But, how do you remember the details about each member of a growing customer base? Particularly with collaborative relationships, the chances are good that you need to deal with many people for each customer. The secret lies with  Customer Relationship Management.

The Magic of Customer Relationship Management (CRM)

CRM can be as simple as a contact list that contains notes about each customer. Or, it can be an elaborate software system. In this case, you most likely want an easy-to-use system that ties into your contact list and offers some or all of the following features:

  • Provides well-organized space for recording a variety of data and sharing it in real time
  • Allows you to keep track of important interactions and reminds you of scheduled activities
  • Has security features that keeps customer information safe while allowing you to share information with everyone in your company, share with some employees only or keep information completely private
  • Works on a variety of devices, in the office or remotely
  • Operates in the Cloud or on your computer network so that all entries are available to everyone in your company on a real-time basis.

Just search for CRM online to find lots of information, including reviews.

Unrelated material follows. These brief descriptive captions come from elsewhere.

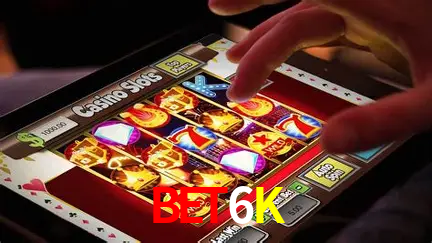 Live Casino BET6K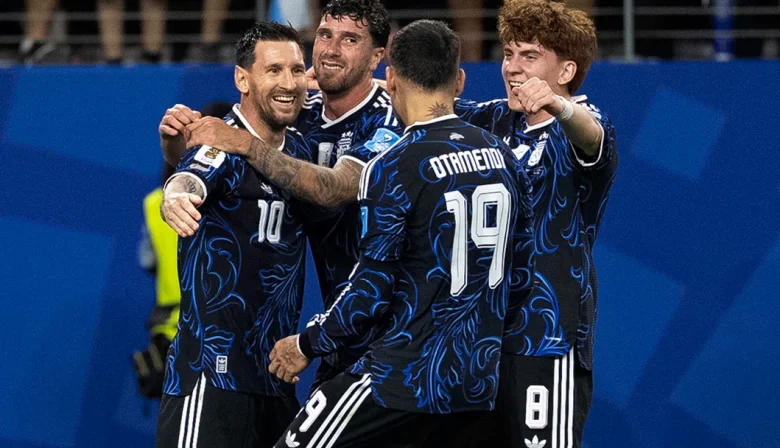 Argentina enfrenta hoy viernes 3 de julio a Cabo Verde por un lugar en los octavos del Mundial 2026: Todo lo que hay que saber en esta nota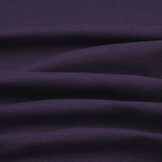 Cuff fabric Dark Purple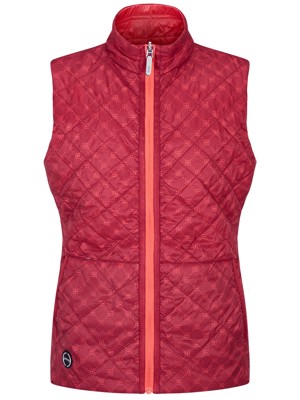 Ping Ladies Bryony SensorWarm Reversible Insulated Vest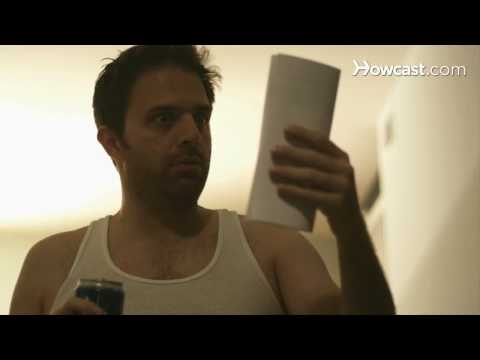 How to Get a Restraining Order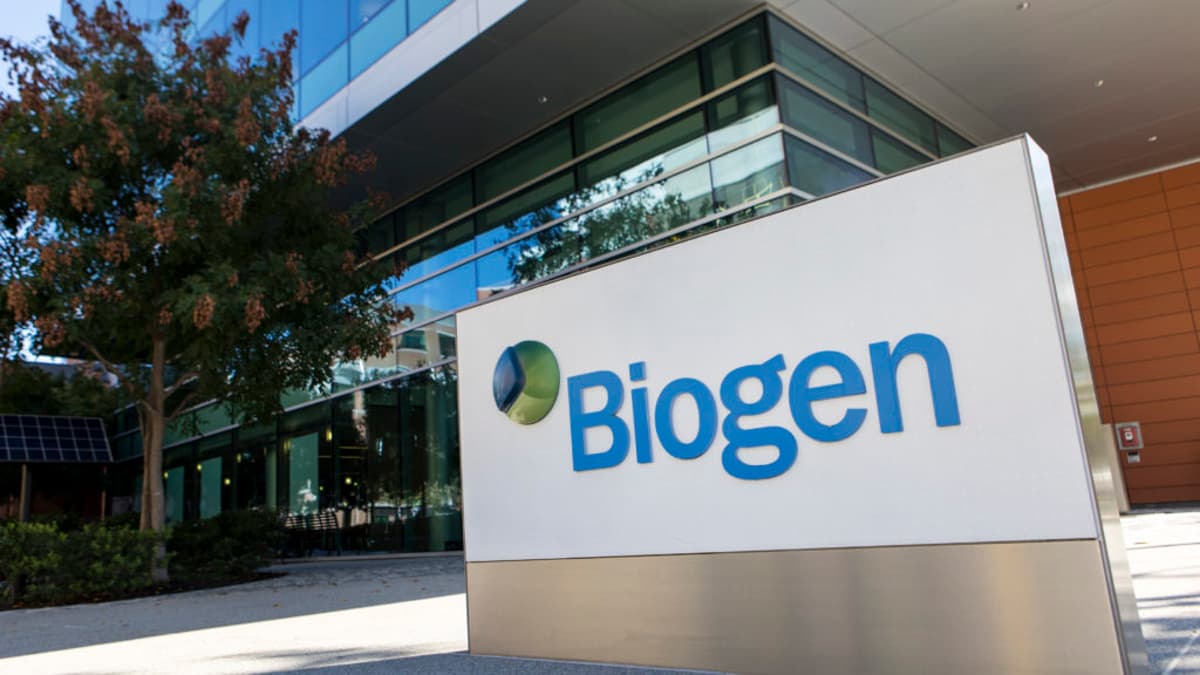 STAT+: Biogen’s Tau-Targeting Alzheimer’s Drug Posts Mixed Results in Mid-Stage Study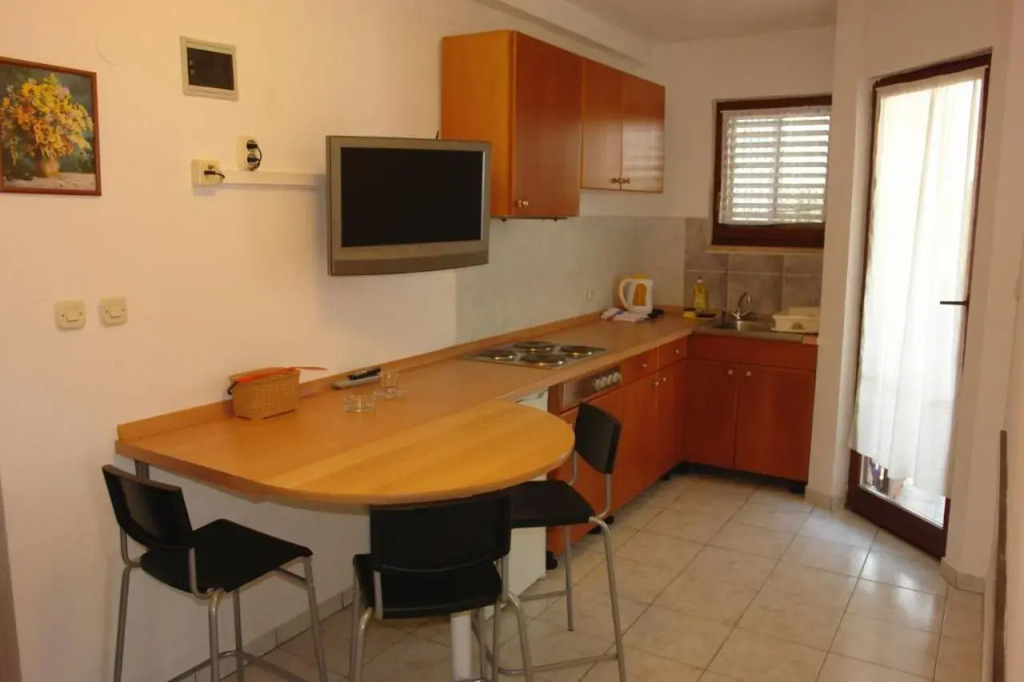 Apartmani Milokanović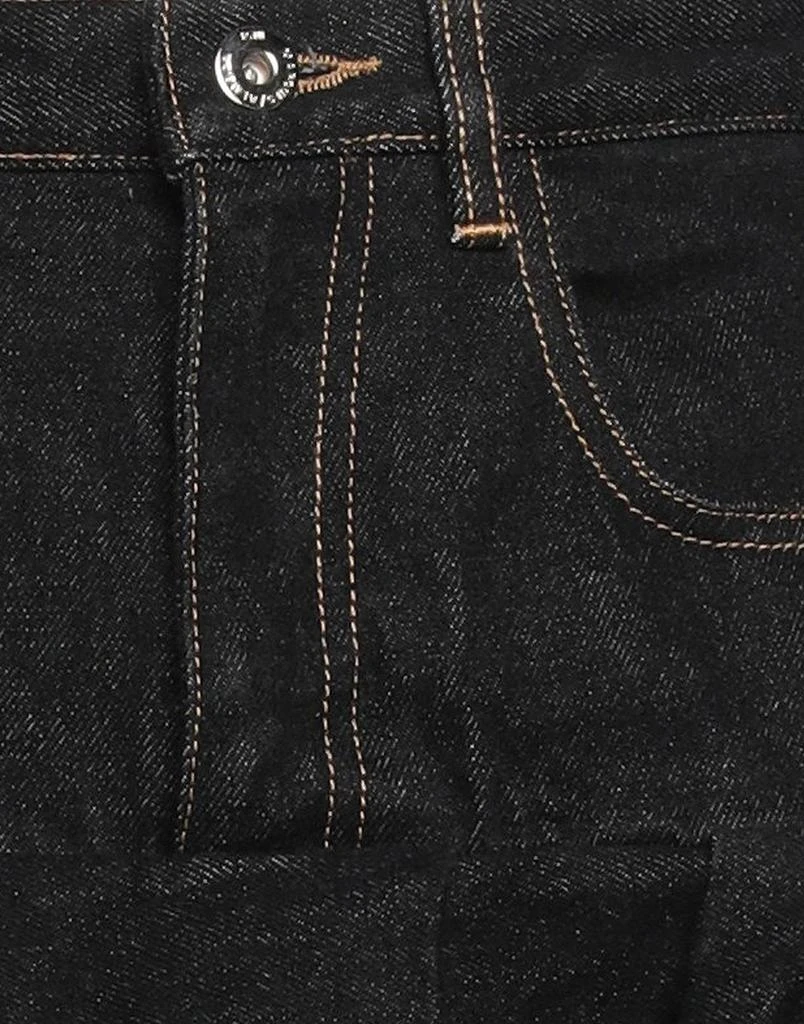 Marques Almeida Denim skirt 4
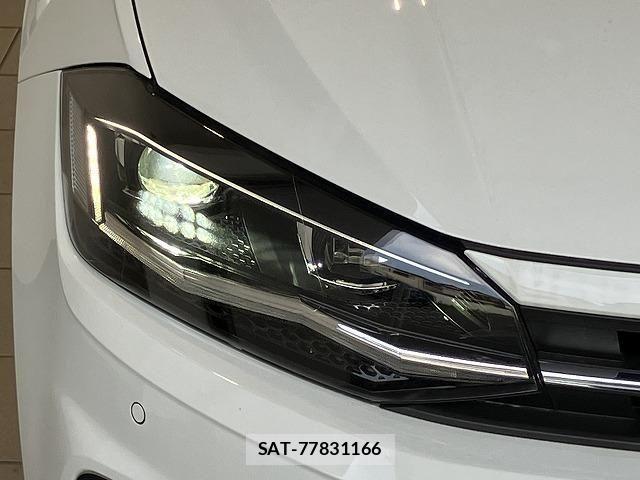 VolksWagen POLO 2021-07 8318098-27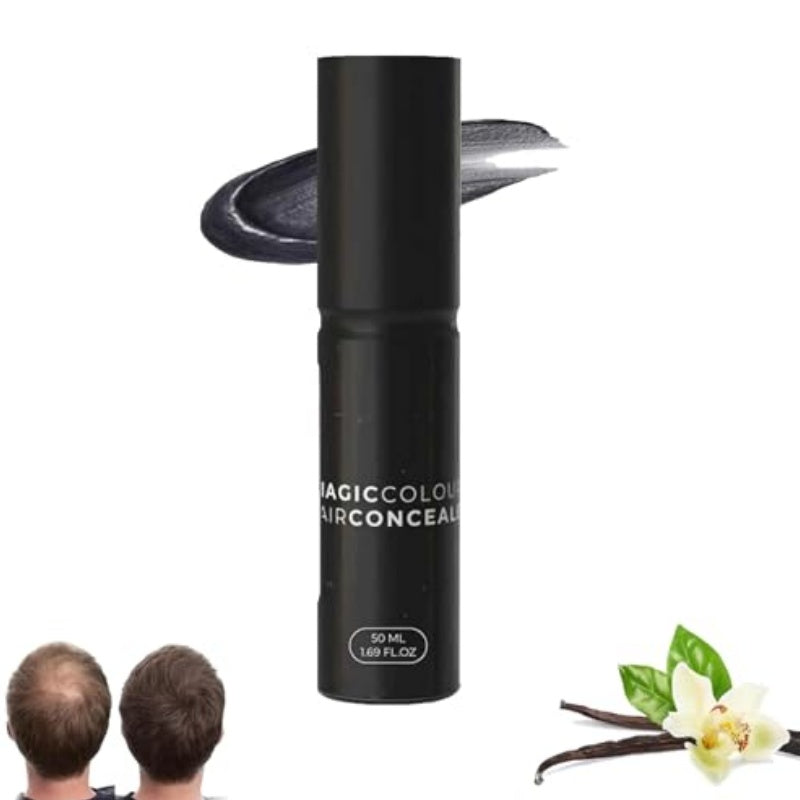 ⌛Denna veckas special🔥Scalp Concealer för fylligare, naturligt hår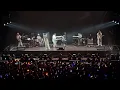 YOASOBI - ANO YUME WO NAZOTTE / あの夢をなぞって (LIVE IN JAKARTA 2024) [4K 60]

Once you set up your CRM, make it a habit to review customer listings before making contact. Your customers will be impressed by how much you remember about them. Even better, they will see you as a friend.

Friends Buy From Friends

When friends offer products or services that you need, don’t you try to give them your business whenever possible? This is the power of personal relationships, and it requires a bit of effort.

From a practical standpoint, it costs five times as much to acquire new customers as it costs to retain them, so you want to do everything possible to keep them happy. But, there’s a psychological benefit as well. Good working relationships make every day more enjoyable for everyone, including you and your team.

By all means, make good use of Facebook and other social media to engage with your customers. And, while there are notable benefits to these types of friendships, they don’t generally make customers feel like VIPs. When you extend the traditional hand of friendship to customers, they know the difference — and reward you with loyalty.